### Task material ###

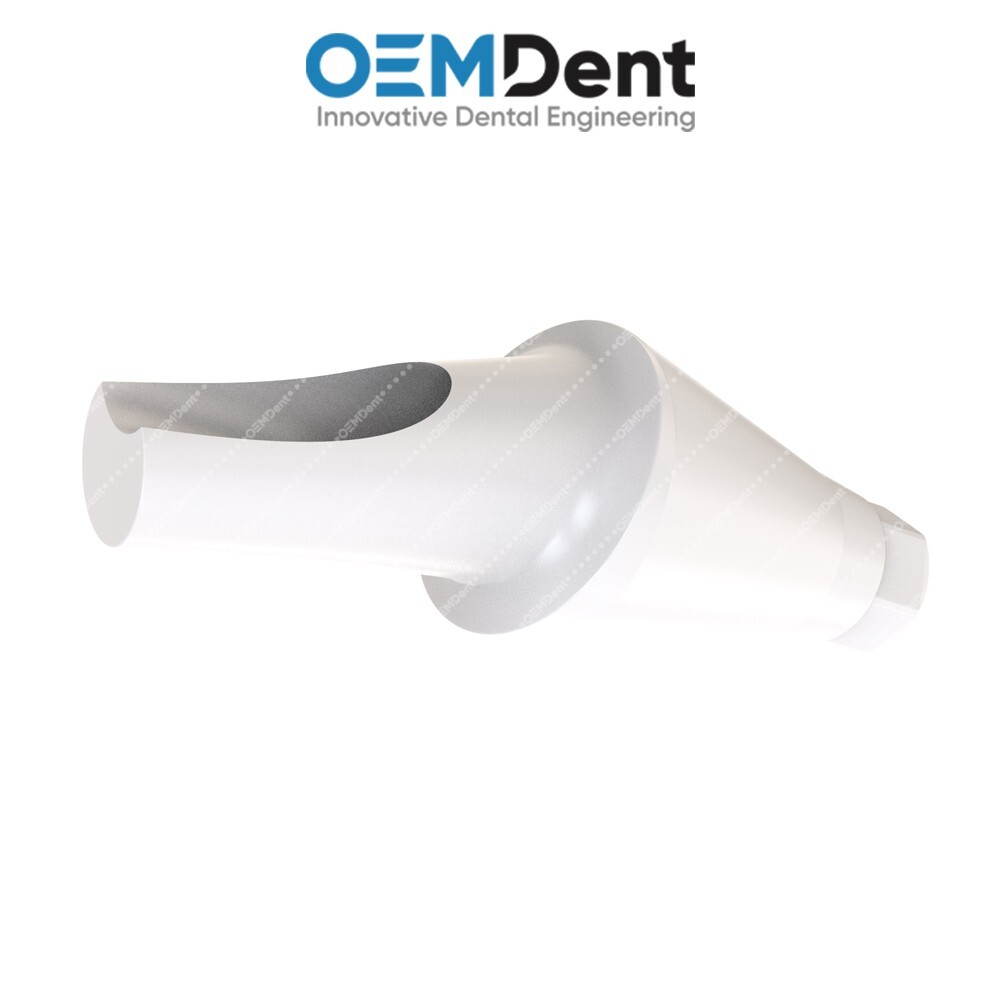 Peek Temporary Anatomic Angled Prosthetics 15° Compatible DSI® RP Conical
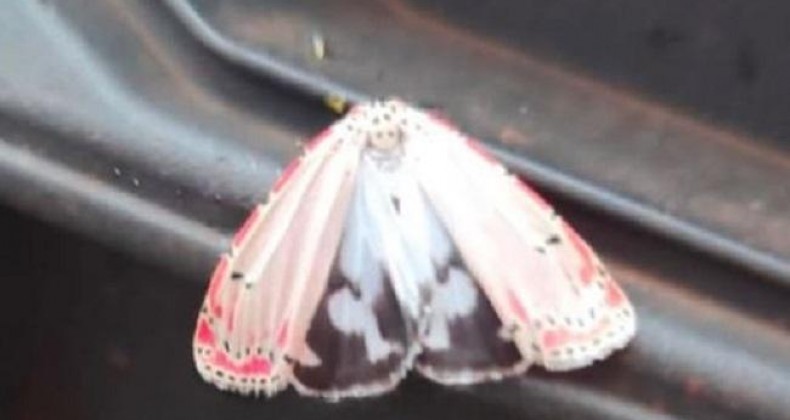 Foto de Nossa Senhora Aparecida surge em borboleta no Paraná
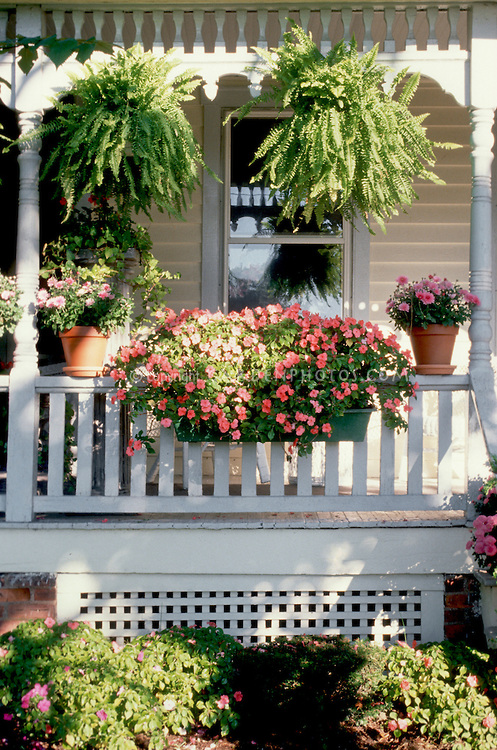 impatiens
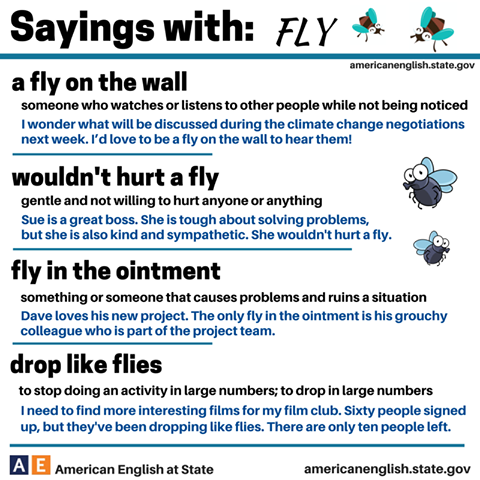 fly.png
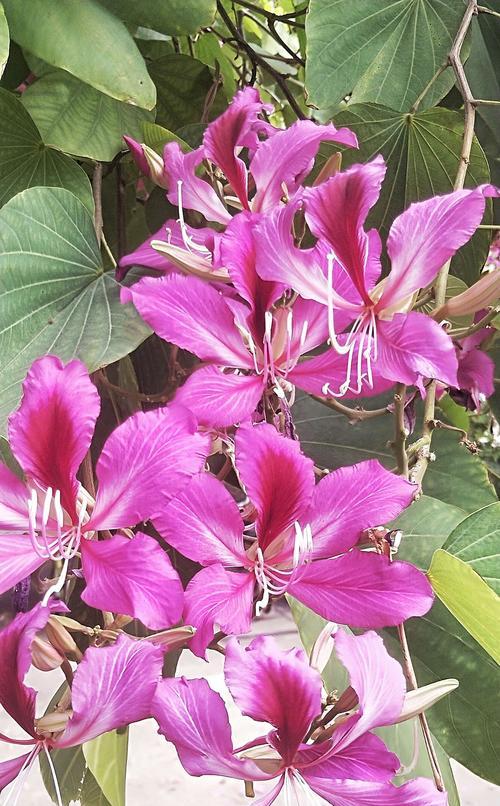 探秘香港市花——紫荆花（从历史、象征意义到现状，了解紫荆花的一切）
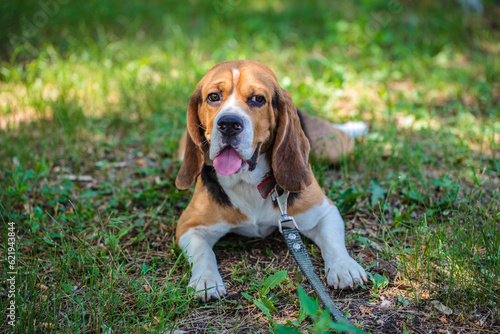beagle hunting dog on the street. dog resting lying on the lawn in the park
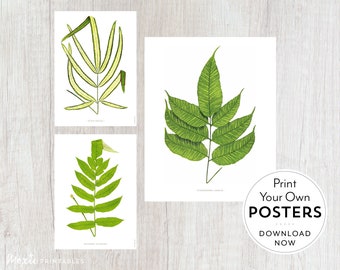 Fern Vintage Art Print Posters — Set of 3 digital download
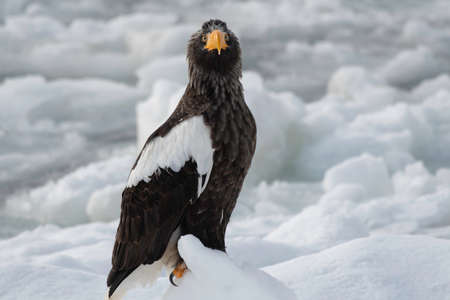 Front face of steller's sea eagle on the ice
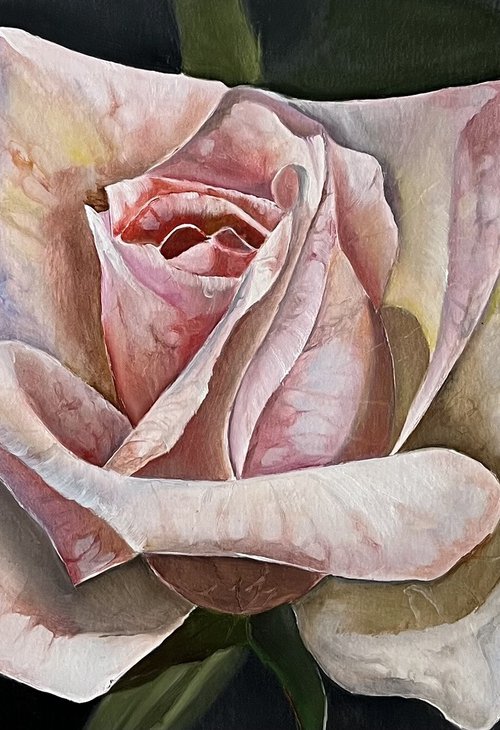 Rose postcard by Myroslava Denysyuk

###

Task to carry out — Repeat every record above exactly, except the pictures.

Worked solution —
 Peek Temporary Anatomic Angled Prosthetics 15° Compatible DSI® RP Conical
 Foto de Nossa Senhora Aparecida surge em borboleta no Paraná
 impatiens
 fly.png
 探秘香港市花——紫荆花（从历史、象征意义到现状，了解紫荆花的一切）
beagle hunting dog on the street. dog resting lying on the lawn in the park
 Fern Vintage Art Print Posters — Set of 3 digital download
 Front face of steller's sea eagle on the ice
 Rose postcard by Myroslava Denysyuk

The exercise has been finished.